# Squarp Hapax vs Polyend Play



## Tomavatars (May 22, 2022)

Hi there!

I'm asking this question as these two beasts seems a lot of fun and I can't decide between the two of them.

I aim to go back to live music and I'm looking for a cool sequencer, essentially to play with Bitwig. 

What I like about both of them are the powerful generative functions and straightforward workflows.

What I prefer in Hapax is the fact that the generative functions seems more powerful, that you can play 2 projects simultaneously as well as hotswap them live without breaking the flow, that it seems deeper than Play.
What I dislike is that is not having great features from the Play explained below 🙂
It also seems a bit less instant fun like the Play.

What I prefer with play is the pick and play function, even if the sample engine is limited, I'm finding very fun to be able to add different samples with different parameters on the same lane.

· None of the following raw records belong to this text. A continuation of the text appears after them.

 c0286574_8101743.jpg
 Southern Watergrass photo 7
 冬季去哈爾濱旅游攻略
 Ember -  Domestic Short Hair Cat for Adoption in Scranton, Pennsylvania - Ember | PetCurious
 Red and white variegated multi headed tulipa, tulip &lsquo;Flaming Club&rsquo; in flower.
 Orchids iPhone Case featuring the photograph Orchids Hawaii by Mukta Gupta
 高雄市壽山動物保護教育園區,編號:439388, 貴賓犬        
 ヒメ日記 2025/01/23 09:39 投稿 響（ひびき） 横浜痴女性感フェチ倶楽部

I love the repeats and the randomise functions. Having direct mute and solo on the grid is cool as well. I absolutely love the punch in effects! Play seems to be very very cool for instant fun.
What I don't like it's the connectivity limitation and the sample limitation. I also don't like at all that there not a 2 project swap like the Hapax.

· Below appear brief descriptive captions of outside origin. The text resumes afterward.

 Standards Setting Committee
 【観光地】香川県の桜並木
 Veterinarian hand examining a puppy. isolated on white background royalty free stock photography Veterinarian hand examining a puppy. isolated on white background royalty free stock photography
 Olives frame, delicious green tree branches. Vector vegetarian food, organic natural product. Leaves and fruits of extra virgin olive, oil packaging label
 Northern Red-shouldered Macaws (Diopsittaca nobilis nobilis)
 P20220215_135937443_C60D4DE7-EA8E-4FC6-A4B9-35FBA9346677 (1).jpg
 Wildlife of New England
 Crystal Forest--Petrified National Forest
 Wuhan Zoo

Here are two videos from Loopop that are great.

But I still can't decide.

Thanks for your help!


----------



## addhitman (May 24, 2022)

I'm in the same boat and I've concluded that the Hapax is ultimately the better option. I've watched both of those videos many times and I've also noticed that Jeremy (Red Means Recording) has held onto his. Siv and Jeremy both praise the Hapax as the ultimate sequencer. The play looks fun but is not really designed as well as the Hapax.


----------



## Tomavatars (May 24, 2022)

addhitman said:


> I'm in the same boat and I've concluded that the Hapax is ultimately the better option. I've watched both of those videos many times and I've also noticed that Jeremy (Red Means Recording) has held onto his. Siv and Jeremy both praise the Hapax as the ultimate sequencer. The play looks fun but is not really designed as well as the Hapax.


Yeah that are my thoughts too.
I wrote to Squarp and they are also working on more algorithms and functions as well. We might have some punch in effects in the future which is why I like the Play.


----------